= Listed entries =
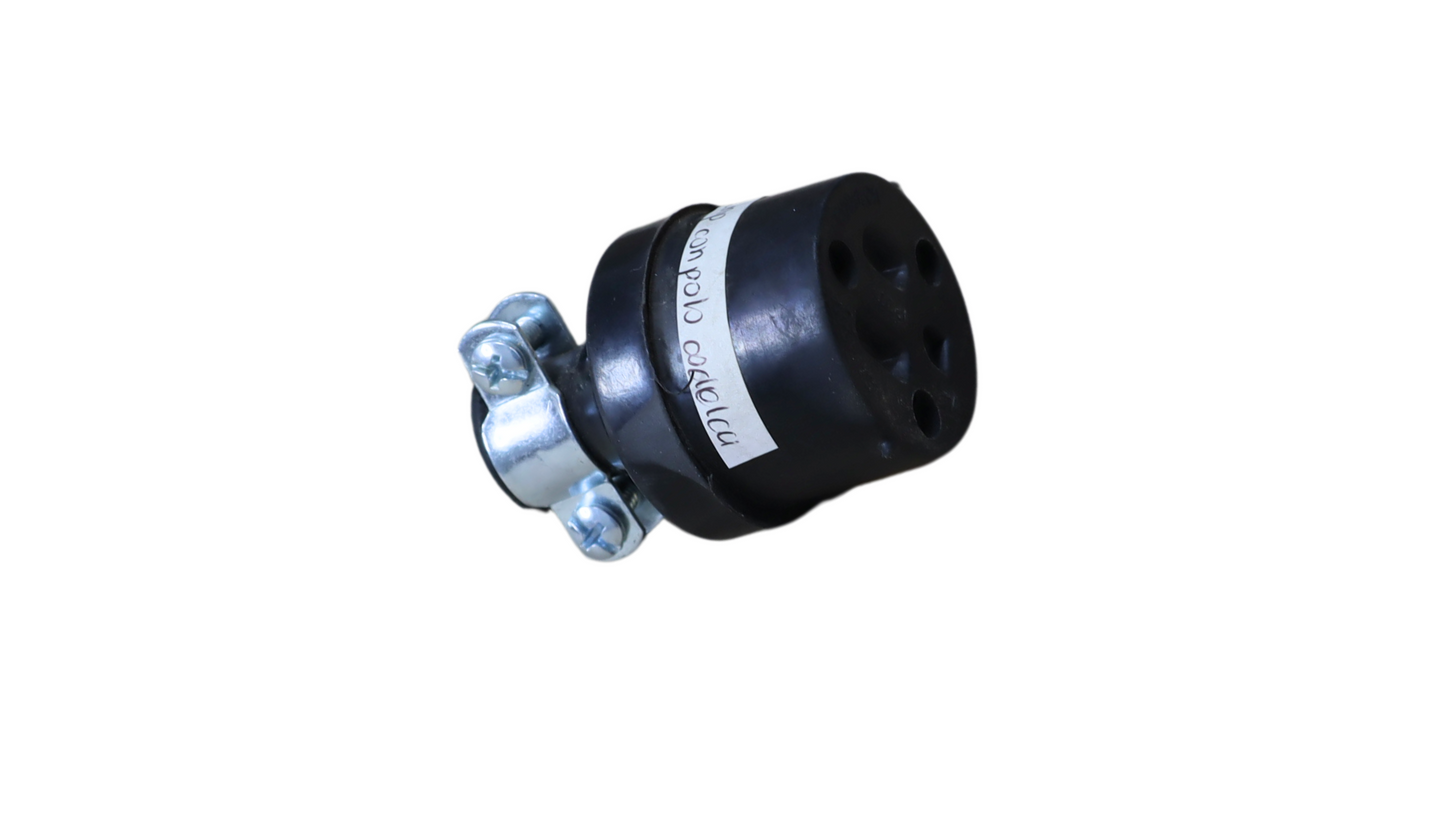 TOMA AEREA 15 AMP CON POLO CODELCA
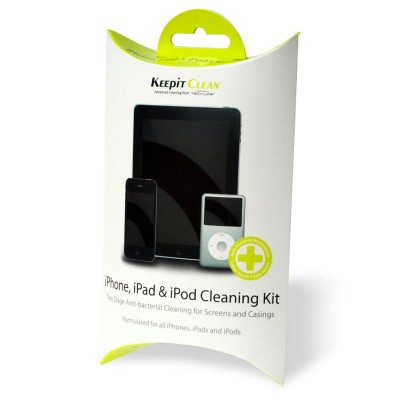 Techlink Keepit Clean - iPhone, iPad & iPod Cleaning Kit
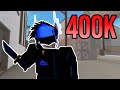 Hitting 400k kills in kat roblox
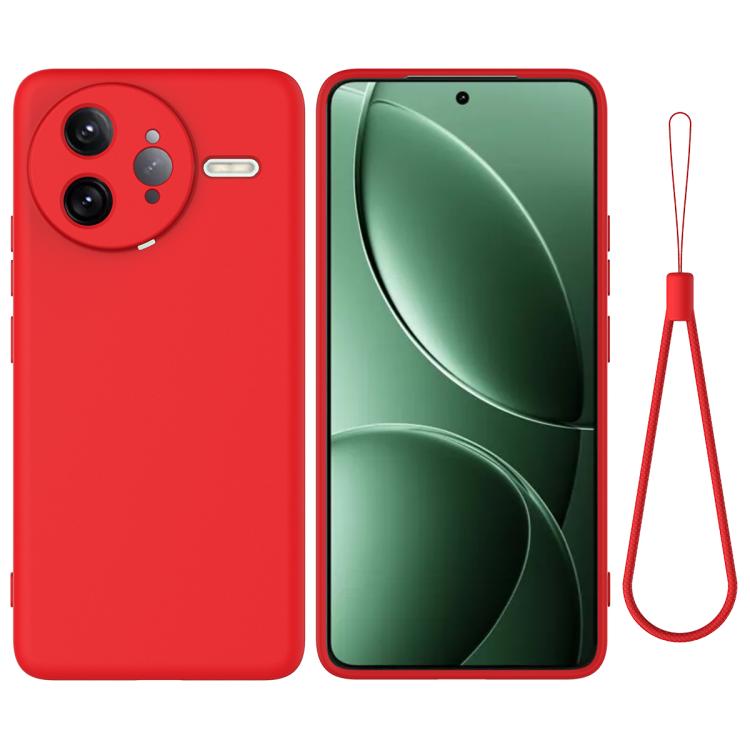 Solid Color Liquid Silicone Dropproof Full Coverage Phone Case, For Xiaomi Poco F7 Ultra, For Xiaomi Poco F7 Pro, For Xiaomi Poco M7 5G, For Xiaomi Poco X7, For Xiaomi 15 Ultra, For Xiaomi Poco X7 Pro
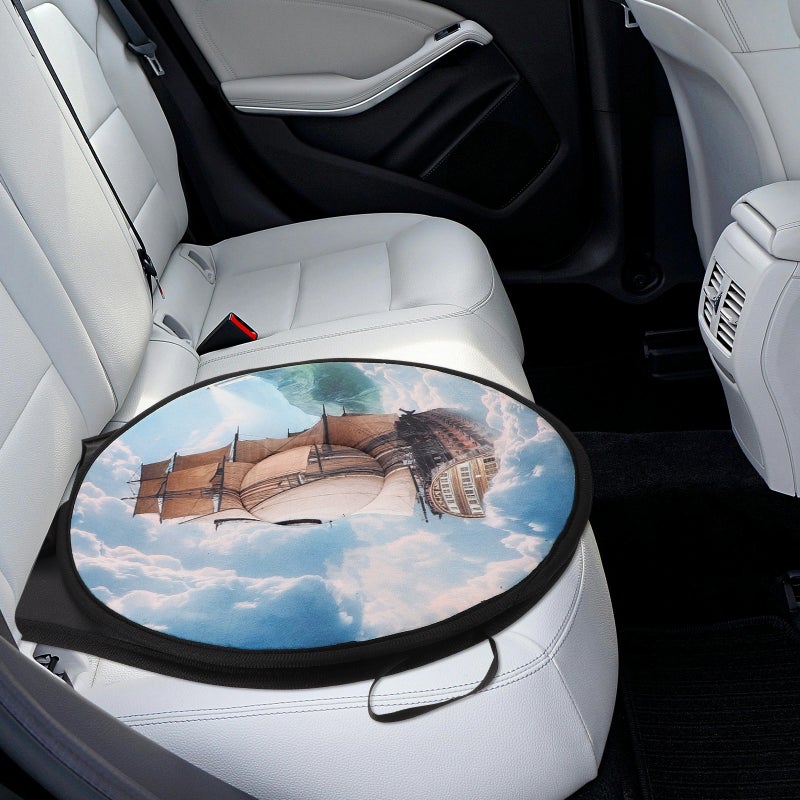 🚗 مقعد سيارة دوار بتصميم مريح لراحة وسهولة الحركة - Image 3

= Instructions to follow =
The response should repeat each record precisely and contain no pictures.

= Task output =
 TOMA AEREA 15 AMP CON POLO CODELCA
 Techlink Keepit Clean - iPhone, iPad & iPod Cleaning Kit
 Hitting 400k kills in kat roblox
 Solid Color Liquid Silicone Dropproof Full Coverage Phone Case, For Xiaomi Poco F7 Ultra, For Xiaomi Poco F7 Pro, For Xiaomi Poco M7 5G, For Xiaomi Poco X7, For Xiaomi 15 Ultra, For Xiaomi Poco X7 Pro
 🚗 مقعد سيارة دوار بتصميم مريح لراحة وسهولة الحركة - Image 3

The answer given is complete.